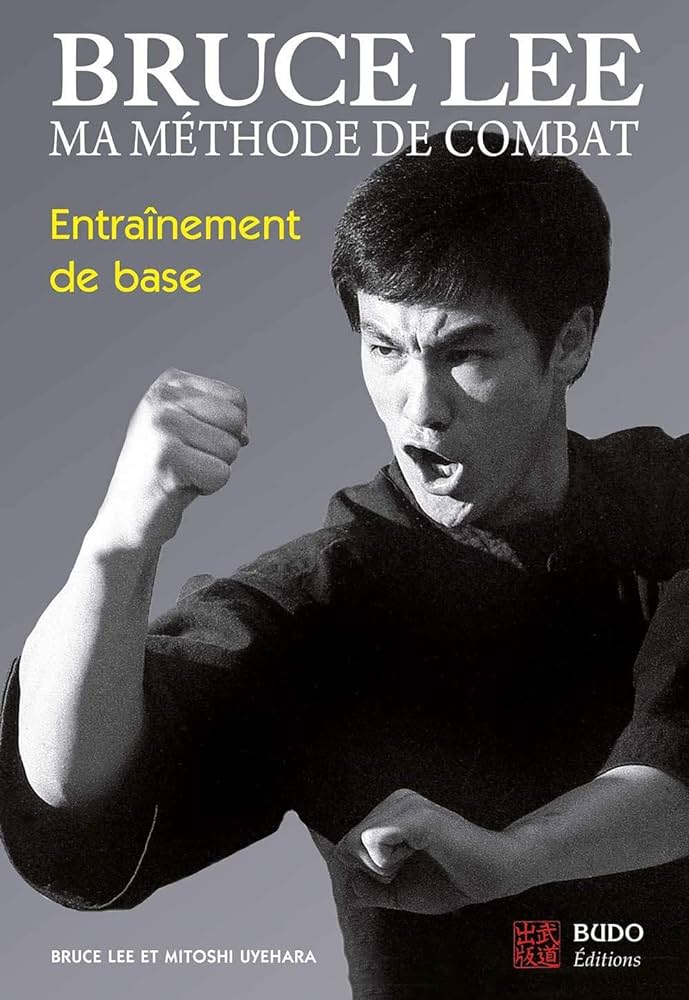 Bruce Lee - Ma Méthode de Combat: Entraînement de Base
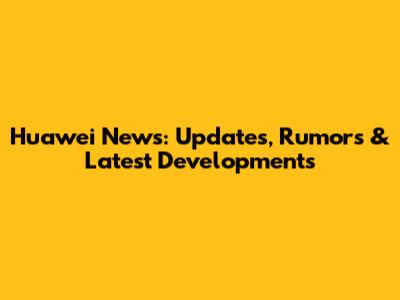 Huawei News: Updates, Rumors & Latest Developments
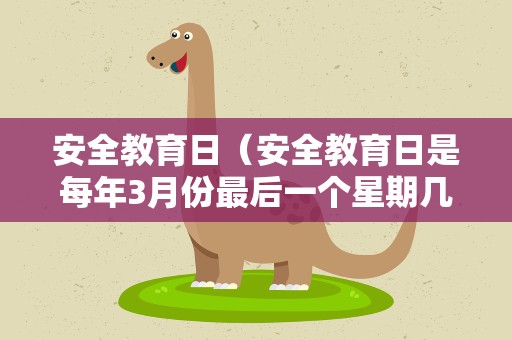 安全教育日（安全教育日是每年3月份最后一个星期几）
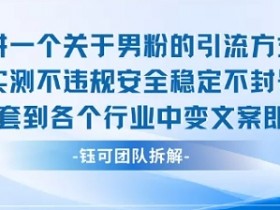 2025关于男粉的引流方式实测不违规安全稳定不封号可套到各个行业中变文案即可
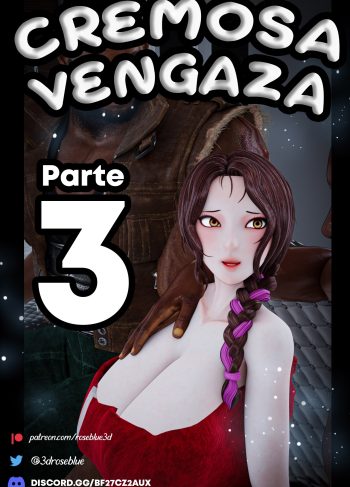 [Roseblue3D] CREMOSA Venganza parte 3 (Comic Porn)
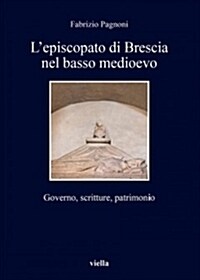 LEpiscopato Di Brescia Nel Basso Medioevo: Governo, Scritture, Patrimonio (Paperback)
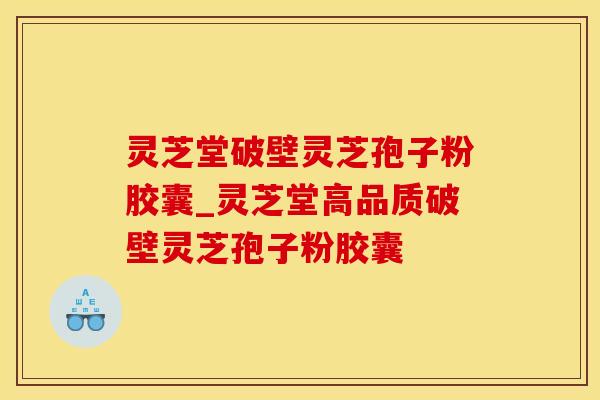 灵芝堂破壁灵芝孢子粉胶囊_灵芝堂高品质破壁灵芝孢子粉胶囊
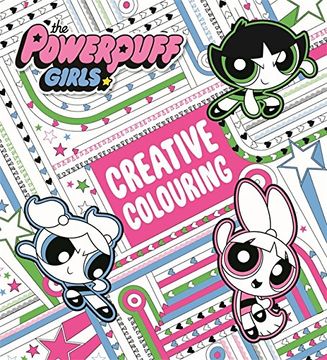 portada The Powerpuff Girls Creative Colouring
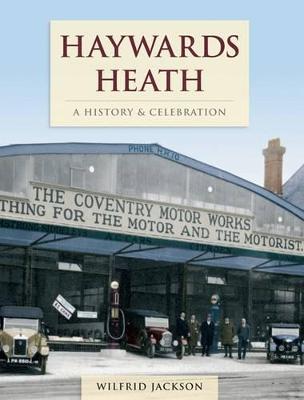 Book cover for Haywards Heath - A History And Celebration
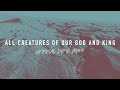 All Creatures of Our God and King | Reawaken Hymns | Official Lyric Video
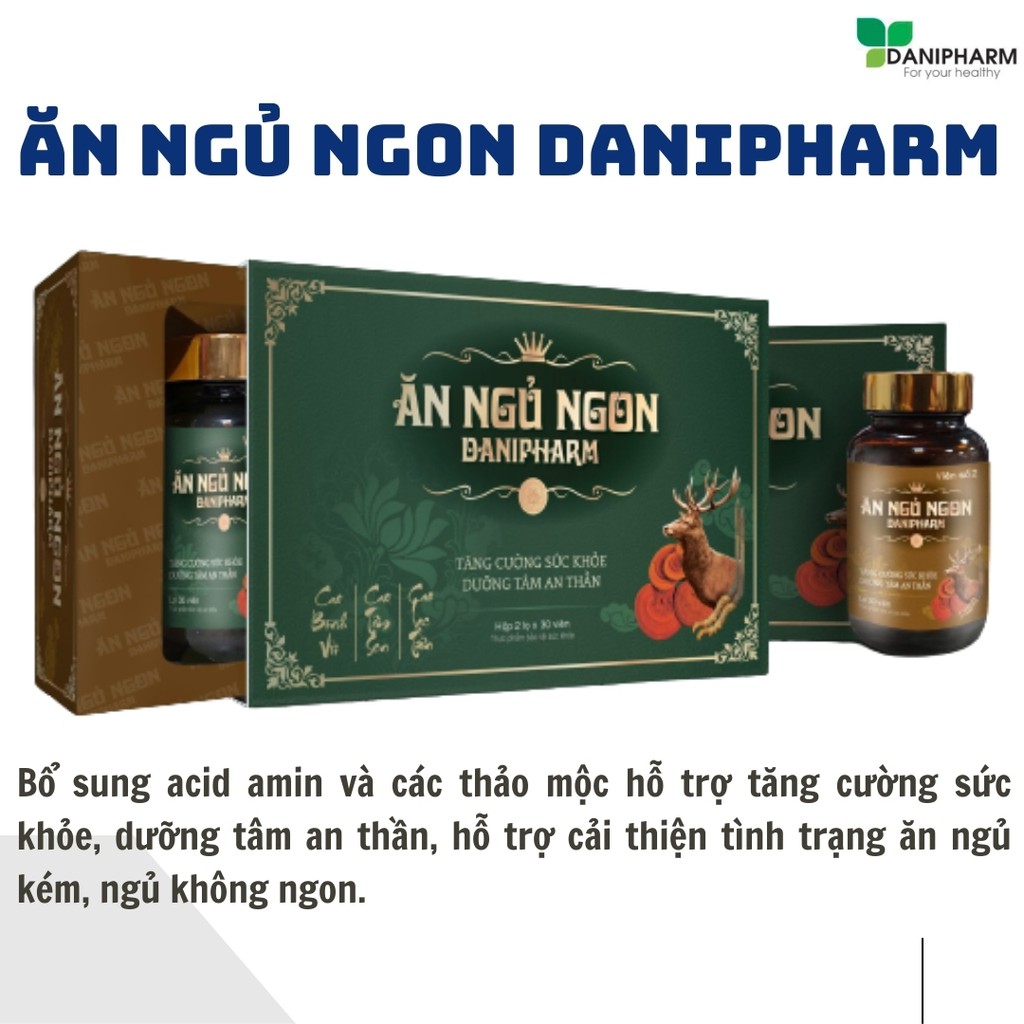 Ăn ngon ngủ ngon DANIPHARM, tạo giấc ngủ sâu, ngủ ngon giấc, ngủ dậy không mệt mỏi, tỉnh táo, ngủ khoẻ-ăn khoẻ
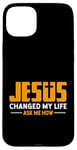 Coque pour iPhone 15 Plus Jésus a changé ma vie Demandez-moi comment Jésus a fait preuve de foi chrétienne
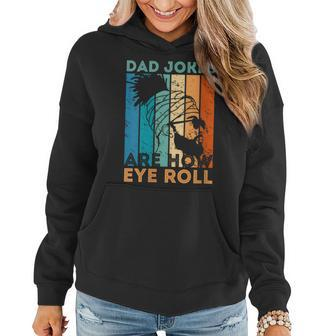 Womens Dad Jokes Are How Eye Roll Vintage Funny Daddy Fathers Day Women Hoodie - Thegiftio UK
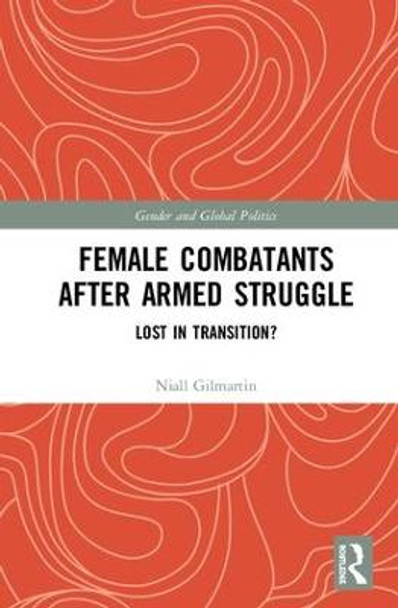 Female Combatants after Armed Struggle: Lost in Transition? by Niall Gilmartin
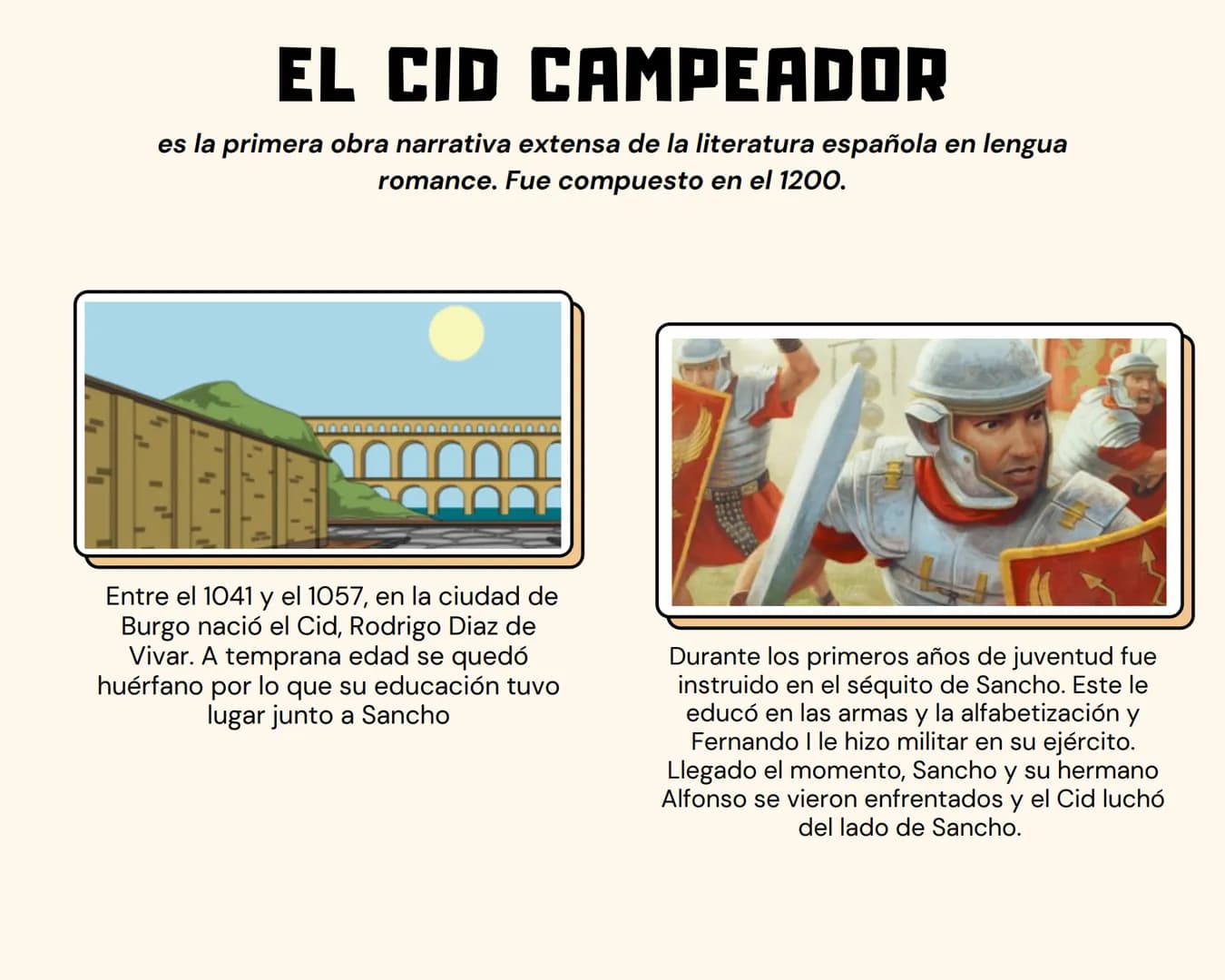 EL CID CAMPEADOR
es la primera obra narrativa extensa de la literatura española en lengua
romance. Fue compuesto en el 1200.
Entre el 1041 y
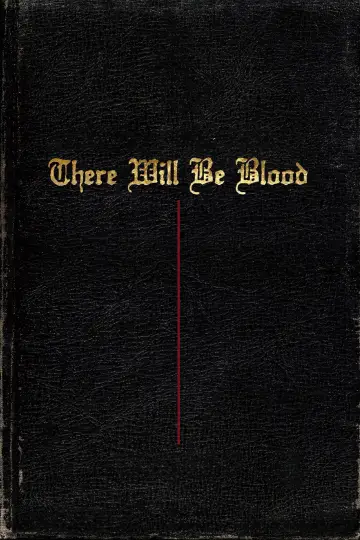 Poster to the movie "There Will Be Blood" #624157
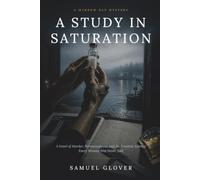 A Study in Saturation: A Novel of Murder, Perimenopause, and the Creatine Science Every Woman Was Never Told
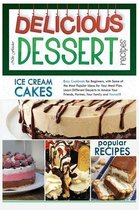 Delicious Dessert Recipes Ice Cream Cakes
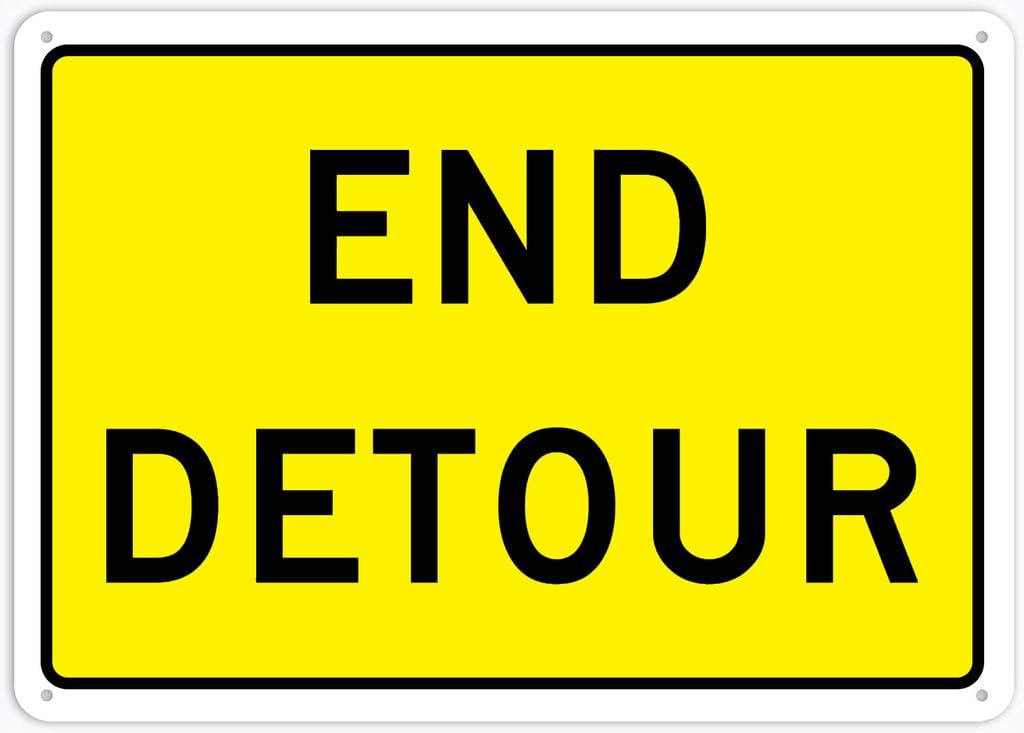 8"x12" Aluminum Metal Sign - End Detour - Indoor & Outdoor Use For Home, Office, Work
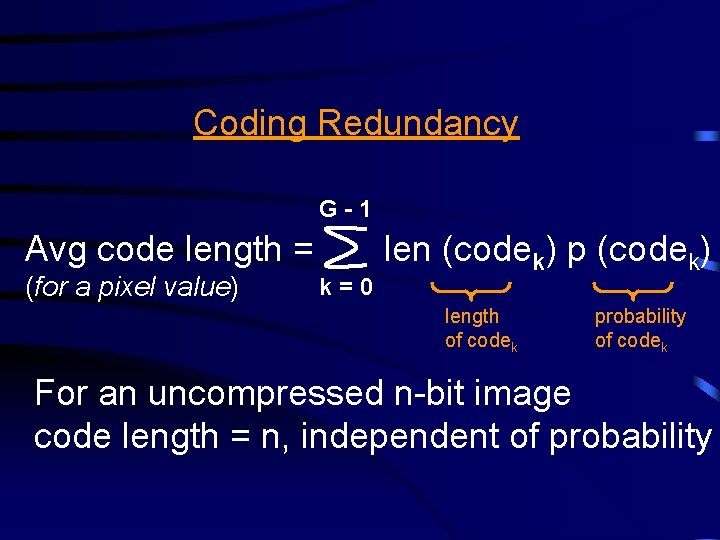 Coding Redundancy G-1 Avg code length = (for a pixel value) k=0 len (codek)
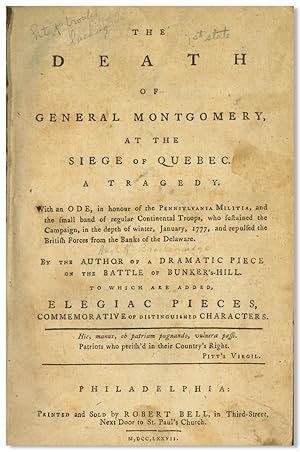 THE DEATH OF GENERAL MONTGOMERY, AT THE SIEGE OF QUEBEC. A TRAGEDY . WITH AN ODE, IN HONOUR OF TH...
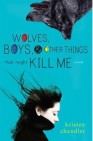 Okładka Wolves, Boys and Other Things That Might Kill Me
--------------------------------
WHAT NEEDS TO BE DONE:
An exact copy is needed of only the lines from the top of the material through the line with "A Study in Saturation: A"; no pictures belong in it.

YOUR SOLUTION:
 Bruce Lee - Ma Méthode de Combat: Entraînement de Base
 Huawei News: Updates, Rumors & Latest Developments
 安全教育日（安全教育日是每年3月份最后一个星期几）
 2025关于男粉的引流方式实测不违规安全稳定不封号可套到各个行业中变文案即可
 [Roseblue3D] CREMOSA Venganza parte 3 (Comic Porn)
 LEpiscopato Di Brescia Nel Basso Medioevo: Governo, Scritture, Patrimonio (Paperback)
 灵芝堂破壁灵芝孢子粉胶囊_灵芝堂高品质破壁灵芝孢子粉胶囊
 portada The Powerpuff Girls Creative Colouring
 Book cover for Haywards Heath - A History And Celebration
 All Creatures of Our God and King | Reawaken Hymns | Official Lyric Video
 Ăn ngon ngủ ngon DANIPHARM, tạo giấc ngủ sâu, ngủ ngon giấc, ngủ dậy không mệt mỏi, tỉnh táo, ngủ khoẻ-ăn khoẻ
 Coque pour iPhone 15 Plus Jésus a changé ma vie Demandez-moi comment Jésus a fait preuve de foi chrétienne
 Womens Dad Jokes Are How Eye Roll Vintage Funny Daddy Fathers Day Women Hoodie - Thegiftio UK
 Female Combatants after Armed Struggle: Lost in Transition? by Niall Gilmartin
 EL CID CAMPEADOR
es la primera obra narrativa extensa de la literatura española en lengua
romance. Fue compuesto en el 1200.
Entre el 1041 y
 Poster to the movie "There Will Be Blood" #624157
 A Study in Saturation: A Novel of Murder, Perimenopause, and the Creatine Science Every Woman Was Never Told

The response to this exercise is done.